Task brief:
The material below contains a line with "Ujsoy House |" and a line with "Квартира на шосе". Copy exactly those two lines and all lines between them.

★ ★ ★ ★ ★

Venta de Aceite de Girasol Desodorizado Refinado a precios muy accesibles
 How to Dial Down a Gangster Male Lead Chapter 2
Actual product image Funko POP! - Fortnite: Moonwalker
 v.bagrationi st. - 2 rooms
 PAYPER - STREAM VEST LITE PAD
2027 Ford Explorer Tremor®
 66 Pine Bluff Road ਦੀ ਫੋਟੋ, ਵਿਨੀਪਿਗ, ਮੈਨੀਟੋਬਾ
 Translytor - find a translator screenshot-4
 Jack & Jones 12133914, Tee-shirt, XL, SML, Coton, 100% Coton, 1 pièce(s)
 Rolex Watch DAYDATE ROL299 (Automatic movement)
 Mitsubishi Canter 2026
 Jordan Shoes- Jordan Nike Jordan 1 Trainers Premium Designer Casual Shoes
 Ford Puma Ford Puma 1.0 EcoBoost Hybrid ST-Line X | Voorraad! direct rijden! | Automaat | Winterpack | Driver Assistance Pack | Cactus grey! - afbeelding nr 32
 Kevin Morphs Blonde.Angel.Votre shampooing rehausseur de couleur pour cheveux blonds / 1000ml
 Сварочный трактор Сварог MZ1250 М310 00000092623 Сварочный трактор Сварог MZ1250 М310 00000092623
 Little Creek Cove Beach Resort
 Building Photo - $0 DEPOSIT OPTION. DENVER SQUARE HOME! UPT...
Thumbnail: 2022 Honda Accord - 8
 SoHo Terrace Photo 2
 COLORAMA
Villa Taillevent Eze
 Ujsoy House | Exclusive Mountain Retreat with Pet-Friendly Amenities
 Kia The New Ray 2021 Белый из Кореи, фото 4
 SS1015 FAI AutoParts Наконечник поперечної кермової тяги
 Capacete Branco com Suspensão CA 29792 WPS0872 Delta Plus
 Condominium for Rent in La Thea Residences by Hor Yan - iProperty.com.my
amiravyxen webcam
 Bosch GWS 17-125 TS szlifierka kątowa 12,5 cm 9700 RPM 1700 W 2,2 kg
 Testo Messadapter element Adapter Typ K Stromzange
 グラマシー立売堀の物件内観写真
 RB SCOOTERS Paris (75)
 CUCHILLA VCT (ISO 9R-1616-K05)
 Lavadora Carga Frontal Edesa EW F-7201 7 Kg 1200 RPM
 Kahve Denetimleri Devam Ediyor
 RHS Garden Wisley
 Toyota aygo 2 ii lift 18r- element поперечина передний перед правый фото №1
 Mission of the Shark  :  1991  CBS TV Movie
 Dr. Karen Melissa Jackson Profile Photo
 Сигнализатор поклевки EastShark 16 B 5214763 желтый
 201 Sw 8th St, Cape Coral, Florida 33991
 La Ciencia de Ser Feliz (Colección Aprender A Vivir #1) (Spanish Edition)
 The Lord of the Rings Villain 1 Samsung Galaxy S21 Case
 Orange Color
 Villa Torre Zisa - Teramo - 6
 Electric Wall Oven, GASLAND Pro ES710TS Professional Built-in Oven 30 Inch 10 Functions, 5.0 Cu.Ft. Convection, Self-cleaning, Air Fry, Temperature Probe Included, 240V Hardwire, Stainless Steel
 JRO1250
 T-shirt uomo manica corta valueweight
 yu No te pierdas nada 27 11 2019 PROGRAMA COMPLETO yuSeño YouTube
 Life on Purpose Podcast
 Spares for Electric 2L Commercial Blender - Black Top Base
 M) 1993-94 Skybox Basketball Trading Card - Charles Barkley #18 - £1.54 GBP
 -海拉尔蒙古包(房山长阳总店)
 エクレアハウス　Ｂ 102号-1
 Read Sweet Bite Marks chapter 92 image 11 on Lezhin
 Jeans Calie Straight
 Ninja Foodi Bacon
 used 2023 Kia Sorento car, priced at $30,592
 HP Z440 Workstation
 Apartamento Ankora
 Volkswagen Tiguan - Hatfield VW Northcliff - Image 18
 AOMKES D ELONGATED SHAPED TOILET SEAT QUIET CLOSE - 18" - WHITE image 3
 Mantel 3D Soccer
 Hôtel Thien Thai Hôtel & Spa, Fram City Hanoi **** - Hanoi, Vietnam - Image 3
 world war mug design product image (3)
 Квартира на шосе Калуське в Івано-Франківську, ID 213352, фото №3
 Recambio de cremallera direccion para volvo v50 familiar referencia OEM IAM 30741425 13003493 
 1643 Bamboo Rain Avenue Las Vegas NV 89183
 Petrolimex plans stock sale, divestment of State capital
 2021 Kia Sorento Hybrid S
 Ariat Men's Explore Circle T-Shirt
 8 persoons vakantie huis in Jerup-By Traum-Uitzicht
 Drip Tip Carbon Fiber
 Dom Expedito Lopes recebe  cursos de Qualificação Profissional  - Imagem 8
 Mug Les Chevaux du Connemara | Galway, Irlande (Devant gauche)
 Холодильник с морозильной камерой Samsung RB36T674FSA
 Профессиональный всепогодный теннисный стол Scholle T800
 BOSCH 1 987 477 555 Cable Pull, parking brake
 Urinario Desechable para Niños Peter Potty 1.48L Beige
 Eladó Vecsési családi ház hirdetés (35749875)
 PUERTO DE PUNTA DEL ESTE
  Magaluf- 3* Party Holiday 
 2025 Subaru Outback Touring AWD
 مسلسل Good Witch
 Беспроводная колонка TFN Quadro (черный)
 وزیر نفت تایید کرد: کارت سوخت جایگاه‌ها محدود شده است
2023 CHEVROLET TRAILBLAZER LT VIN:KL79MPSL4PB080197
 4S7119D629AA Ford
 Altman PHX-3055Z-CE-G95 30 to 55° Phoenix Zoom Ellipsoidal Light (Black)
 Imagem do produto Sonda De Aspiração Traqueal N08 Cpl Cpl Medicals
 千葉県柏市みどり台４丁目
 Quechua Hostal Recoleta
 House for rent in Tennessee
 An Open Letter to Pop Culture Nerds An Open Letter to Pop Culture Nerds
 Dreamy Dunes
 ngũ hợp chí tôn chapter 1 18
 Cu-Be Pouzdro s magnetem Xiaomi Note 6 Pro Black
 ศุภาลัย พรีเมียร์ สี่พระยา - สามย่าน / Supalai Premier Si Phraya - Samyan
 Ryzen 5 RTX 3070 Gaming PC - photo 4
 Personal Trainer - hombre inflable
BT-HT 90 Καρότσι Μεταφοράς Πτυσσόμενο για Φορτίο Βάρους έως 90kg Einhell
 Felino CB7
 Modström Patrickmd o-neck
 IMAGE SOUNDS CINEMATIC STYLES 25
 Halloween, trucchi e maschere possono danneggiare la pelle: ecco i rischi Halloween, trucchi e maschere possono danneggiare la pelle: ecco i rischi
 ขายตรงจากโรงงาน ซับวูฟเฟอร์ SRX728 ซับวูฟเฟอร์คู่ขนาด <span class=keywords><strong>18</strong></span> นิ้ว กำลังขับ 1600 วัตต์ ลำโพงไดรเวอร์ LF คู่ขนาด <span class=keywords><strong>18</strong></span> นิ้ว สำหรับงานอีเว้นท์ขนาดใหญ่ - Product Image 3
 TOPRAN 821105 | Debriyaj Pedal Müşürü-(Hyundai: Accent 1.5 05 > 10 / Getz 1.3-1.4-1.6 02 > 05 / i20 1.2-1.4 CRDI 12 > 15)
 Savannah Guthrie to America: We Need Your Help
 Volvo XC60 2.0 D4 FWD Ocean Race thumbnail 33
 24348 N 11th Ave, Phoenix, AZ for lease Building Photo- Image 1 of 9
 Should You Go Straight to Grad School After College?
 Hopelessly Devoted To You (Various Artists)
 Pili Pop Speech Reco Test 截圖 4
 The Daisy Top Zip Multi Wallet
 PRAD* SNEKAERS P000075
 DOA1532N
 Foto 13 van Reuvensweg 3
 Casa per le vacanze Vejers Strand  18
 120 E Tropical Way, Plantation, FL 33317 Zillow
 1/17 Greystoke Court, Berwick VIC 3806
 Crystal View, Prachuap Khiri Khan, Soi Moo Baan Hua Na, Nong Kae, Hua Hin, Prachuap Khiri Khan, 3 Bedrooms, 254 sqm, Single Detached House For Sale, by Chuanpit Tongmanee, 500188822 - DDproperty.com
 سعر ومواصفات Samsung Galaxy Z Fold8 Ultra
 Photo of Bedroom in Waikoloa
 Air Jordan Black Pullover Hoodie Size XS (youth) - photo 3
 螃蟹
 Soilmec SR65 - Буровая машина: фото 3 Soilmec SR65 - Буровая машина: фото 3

★ ★ ★ ★ ★

Exercise result:
 Ujsoy House | Exclusive Mountain Retreat with Pet-Friendly Amenities
 Kia The New Ray 2021 Белый из Кореи, фото 4
 SS1015 FAI AutoParts Наконечник поперечної кермової тяги
 Capacete Branco com Suspensão CA 29792 WPS0872 Delta Plus
 Condominium for Rent in La Thea Residences by Hor Yan - iProperty.com.my
amiravyxen webcam
 Bosch GWS 17-125 TS szlifierka kątowa 12,5 cm 9700 RPM 1700 W 2,2 kg
 Testo Messadapter element Adapter Typ K Stromzange
 グラマシー立売堀の物件内観写真
 RB SCOOTERS Paris (75)
 CUCHILLA VCT (ISO 9R-1616-K05)
 Lavadora Carga Frontal Edesa EW F-7201 7 Kg 1200 RPM
 Kahve Denetimleri Devam Ediyor
 RHS Garden Wisley
 Toyota aygo 2 ii lift 18r- element поперечина передний перед правый фото №1
 Mission of the Shark  :  1991  CBS TV Movie
 Dr. Karen Melissa Jackson Profile Photo
 Сигнализатор поклевки EastShark 16 B 5214763 желтый
 201 Sw 8th St, Cape Coral, Florida 33991
 La Ciencia de Ser Feliz (Colección Aprender A Vivir #1) (Spanish Edition)
 The Lord of the Rings Villain 1 Samsung Galaxy S21 Case
 Orange Color
 Villa Torre Zisa - Teramo - 6
 Electric Wall Oven, GASLAND Pro ES710TS Professional Built-in Oven 30 Inch 10 Functions, 5.0 Cu.Ft. Convection, Self-cleaning, Air Fry, Temperature Probe Included, 240V Hardwire, Stainless Steel
 JRO1250
 T-shirt uomo manica corta valueweight
 yu No te pierdas nada 27 11 2019 PROGRAMA COMPLETO yuSeño YouTube
 Life on Purpose Podcast
 Spares for Electric 2L Commercial Blender - Black Top Base
 M) 1993-94 Skybox Basketball Trading Card - Charles Barkley #18 - £1.54 GBP
 -海拉尔蒙古包(房山长阳总店)
 エクレアハウス　Ｂ 102号-1
 Read Sweet Bite Marks chapter 92 image 11 on Lezhin
 Jeans Calie Straight
 Ninja Foodi Bacon
 used 2023 Kia Sorento car, priced at $30,592
 HP Z440 Workstation
 Apartamento Ankora
 Volkswagen Tiguan - Hatfield VW Northcliff - Image 18
 AOMKES D ELONGATED SHAPED TOILET SEAT QUIET CLOSE - 18" - WHITE image 3
 Mantel 3D Soccer
 Hôtel Thien Thai Hôtel & Spa, Fram City Hanoi **** - Hanoi, Vietnam - Image 3
 world war mug design product image (3)
 Квартира на шосе Калуське в Івано-Франківську, ID 213352, фото №3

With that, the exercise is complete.